The DPCs process 400 million transactions daily in real time, more than 10,000 operations per second, and have the capacity to reach 1 billion transactions daily in the very near future, as the bank proudly points out. Furthermore, by grouping all data and information relative to a customer in one single place, BBVA has overcome issues related to information silos that have been experienced by others in the financial industry. 

“Having a state-of-the-art infrastructure of four new DPCs in Spain and Mexico allows BBVA to accelerate its digital transformation process. The DPCs are crucial for BBVA to anticipate regulatory changes, growing security demands and further international growth,” says Sergio Salvador, BBVA’s technology and security manager. 

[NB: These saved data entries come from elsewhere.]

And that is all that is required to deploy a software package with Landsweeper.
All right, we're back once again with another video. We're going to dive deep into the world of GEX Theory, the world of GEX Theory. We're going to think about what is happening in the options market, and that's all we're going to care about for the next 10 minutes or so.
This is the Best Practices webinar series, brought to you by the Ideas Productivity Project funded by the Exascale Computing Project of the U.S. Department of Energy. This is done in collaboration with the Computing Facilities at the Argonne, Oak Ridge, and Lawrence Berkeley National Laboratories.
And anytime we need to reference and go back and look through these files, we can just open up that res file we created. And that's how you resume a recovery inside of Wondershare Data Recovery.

“The data centres have been designed and built to obtain the highest certifications in operational reliability, availability and sustainability. They will be able to provide intercontinental service support and back up for all of BBVA’s core activities worldwide. Within two years of the DPCs’ construction, the bank has experienced 100% growth in processing capability [and can now] complete 400 million transactions daily in real time.” 

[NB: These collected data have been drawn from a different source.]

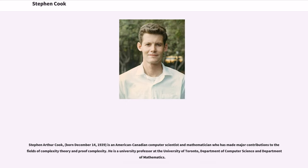Stephen Arthur Cook is an American-Canadian computer scientist and mathematician who has made major contributions to the fields of complexity theory and proof complexity. He is a university professor at the University of Toronto, Department of Computer Science and Department of Mathematics.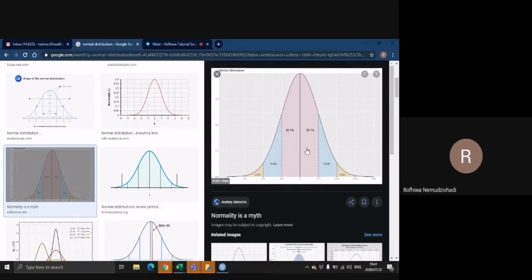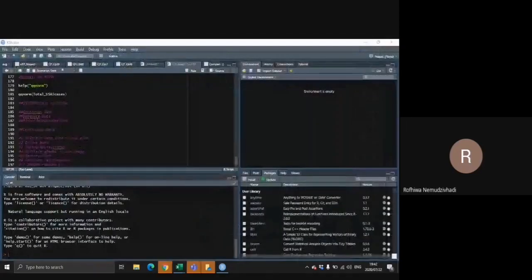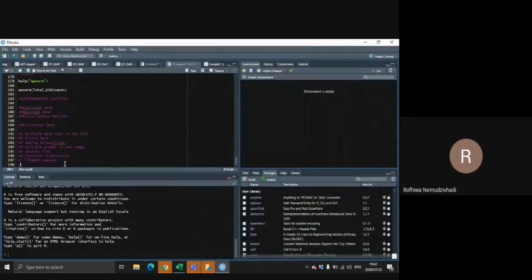We're probably going to do a simple example and then a more complicated example to see how we can get the results. And another one is just going to be how to plot different surfaces.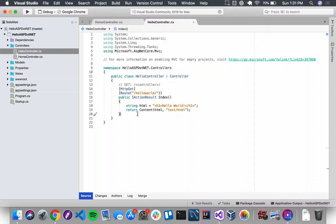Hello, this is Sally from LaunchCode and we're back with another video on ASP.NET Core MVC and controllers. We're going to continue working on our Hello ASP.NET application. So far we've learned that controllers are the traffic cops of the application, and that we can use them to pass information back and forth between views and models.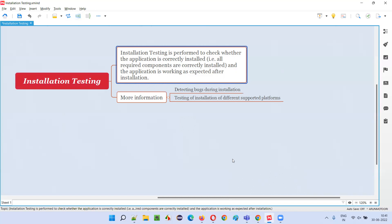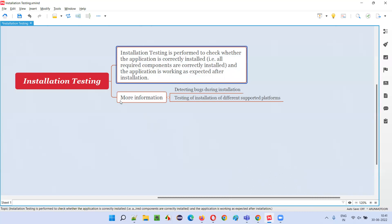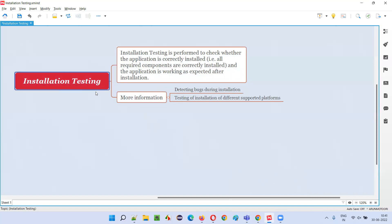On all those platforms we check whether installation is possible or not, including different operating system versions of Windows. A lot of effort is required to perform installation testing. Additionally, as part of installation testing we also check uninstallation — when you uninstall the software, are the required components being removed from the machine? Is the software being properly cleaned from your machine?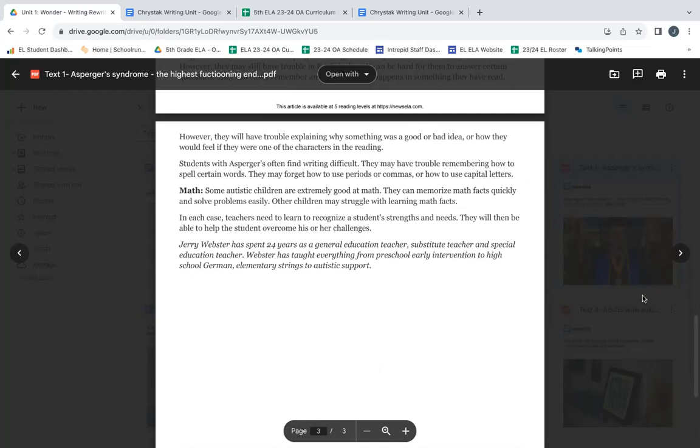Students with Asperger's often find writing difficult. They may have trouble remembering how to spell certain words. They may forget how to use periods or commas or how to use capital letters.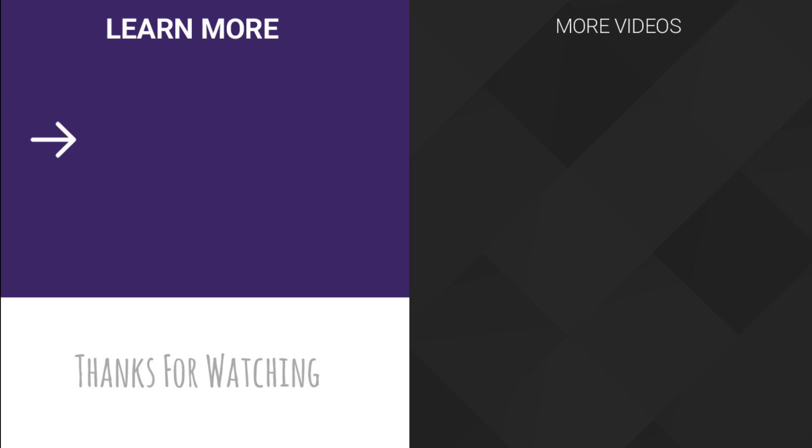If you guys found this video helpful please consider subscribing. You can learn even more on our website and feel free to check out some of our other videos and as always thanks for watching.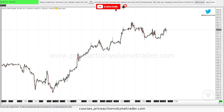Hello traders, welcome back to a new Sierra Chart tutorial video. I haven't done one of these in a while, and I just thought I would bring up a quick process that I use in order to save all my default indicator or study settings on my charts, so that I have all my settings saved and can quickly apply them to any new chart that I want.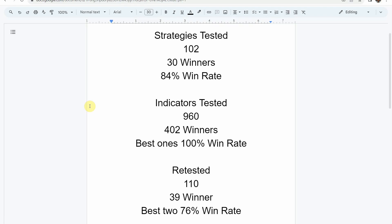We've also tested a total of 960 indicators with 402 of them being winners. The best one so far was able to achieve a 100% win rate. You need to go back and watch those videos to understand the context of how they were able to achieve that. We've also retested in the advanced testing 110 of the winning indicators. 39 of them have been able to maintain the winning status, with the best two achieving a 76% win rate. Keep in mind that we test most of these indicators and strategies on the Forex and crypto market, but they can be applied to just about any market and timeframe universally.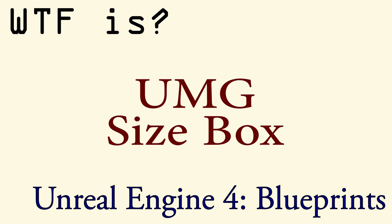If you'd like to get more information, please watch the How Do I Use the UMG Size Box video.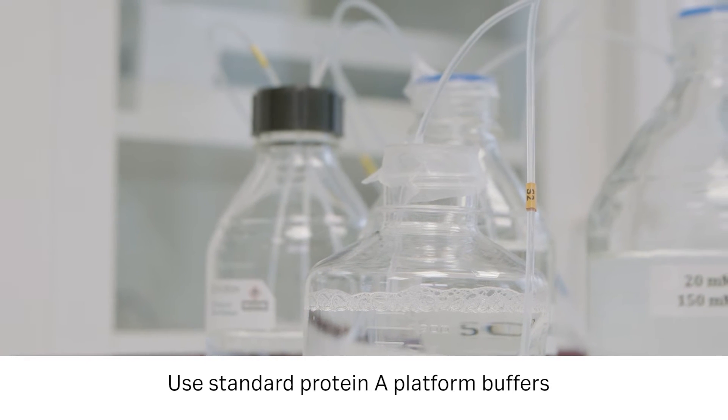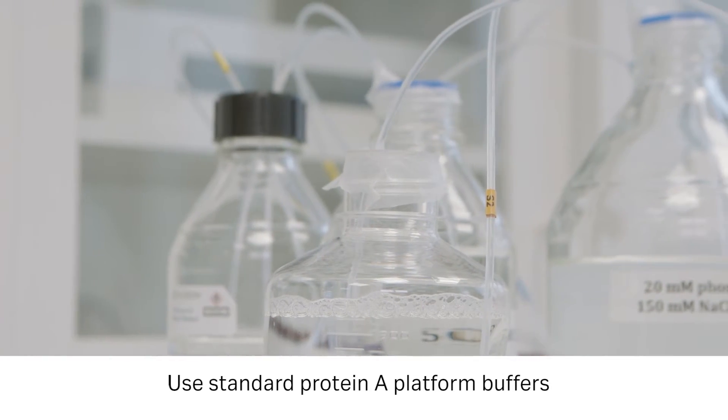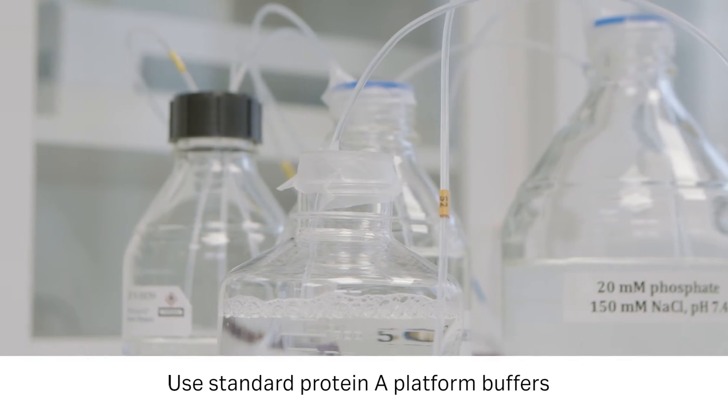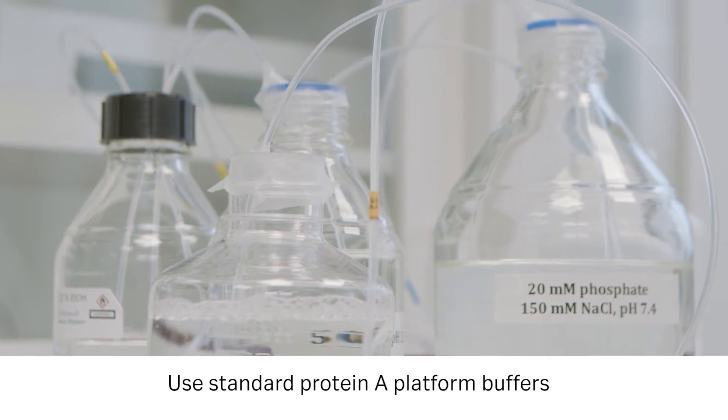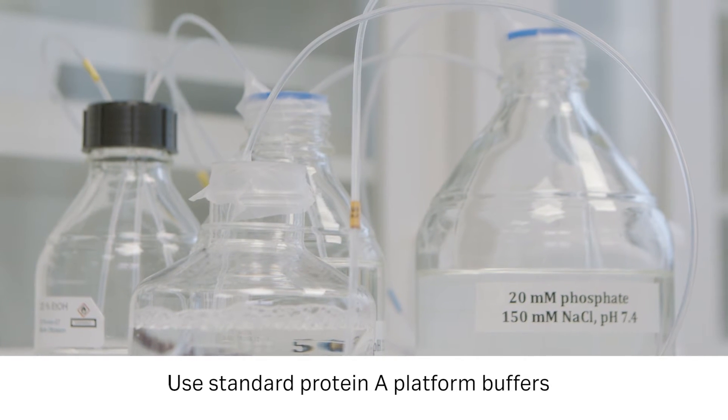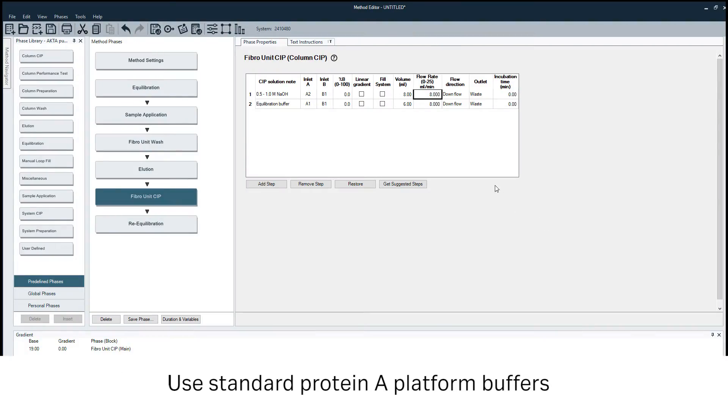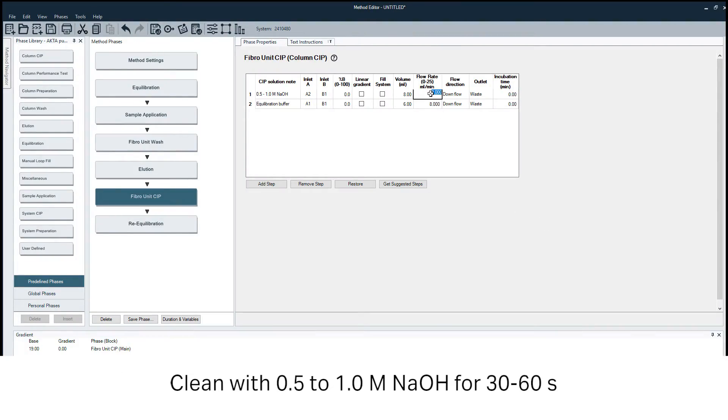Use Equilibration Buffer to wash after sample application. After the bound sample elutes, clean the unit with 0.5 to 1.0 molar sodium hydroxide.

Furthermore, the physical complexes that host the DPCs are built to be hazard resistant. They all have a dual-protection system that can ensure operations are carried out uninterrupted, regardless of any unexpected event or accident at the site. In the event of an electricity outage, for example, self-powering energy systems activate and allow the DPC to be self-sufficient for up to 95 hours. The buildings are also designed with environmental and energy-saving factors in mind. The hot air generated by machines is recycled for heating purposes in the complex. Solar panels are also installed at the centres to increase energy savings.

Trading

Winner: ParFX Prime

Parties involved: Tradition, Traiana, Citi, Deutsche Bank, GSA Capital, Virtu Financial

Over the past few years, regulators have lifted the lid on the foreign exchange spot market and have been exceptionally displeased at what they have found. Accusations of benchmark fixing led to a year-long investigation involving multiple countries and many major banks, culminating in whopping fines ladled out to some of the biggest names in the market. There are also concerns over ‘last look’, a trading practice employed by some banks that many believe uses sophisticated latency controls to disadvantage buyside users. 

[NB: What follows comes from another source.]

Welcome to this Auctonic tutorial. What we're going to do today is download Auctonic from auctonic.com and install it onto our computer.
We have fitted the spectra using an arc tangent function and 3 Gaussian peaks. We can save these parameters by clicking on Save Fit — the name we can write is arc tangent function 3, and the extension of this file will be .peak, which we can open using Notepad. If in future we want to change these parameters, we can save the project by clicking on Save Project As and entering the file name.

The spot market has therefore been crying out for greater transparency, something that trading platform ParFX was designed to provide when set up for large dealers in 2014. It won The Banker’s Trading Technology Award in 2014 on the basis of its commitment to weeding out disruptive, high-frequency trading and the introduction latency controls to create a fairer playing field. 

This year the trick has been repeated with the creation of ParFX Prime, a prime brokerage spot trading service for non-bank and second- and third-tier bank participants. “ParFX Prime is an extension of the ParFX model and was developed to reform a trading environment in which disruptive low-latency-based strategies are allowed to flourish. The platform also addresses the issues of widespread anonymity in today’s prime brokerage model, by ensuring post-trade name give-up on both sides of a trade,” says Dan Marcus, ParFX’s chief executive.

‘Name give-up’ applies to everyone involved with the trade – executing broker, prime bank and prime client. This is a first for a spot FX platform, and ParFX hopes it will prove a robust deterrent to participants using abusive or disruptive trading strategies. There are a number of other unique features that the firm hopes will be attractive to users. 

“ParFX’s prime brokerage model applies a number of principles designed to provide all participants with equal trading opportunities, something that continues to differentiate our offering and benefit users: randomised order matching, full post-trade transparency, free market data and equal trading costs for all participants,” says Mr Marcus. 

“We have continued to focus on participation and this has helped ensure a healthy pipeline of new participants who understand our guiding principles of equality for all participants on the platform. Furthermore, we will look to increase our currency coverage, introducing the ParFX principles to some targeted growth markets.”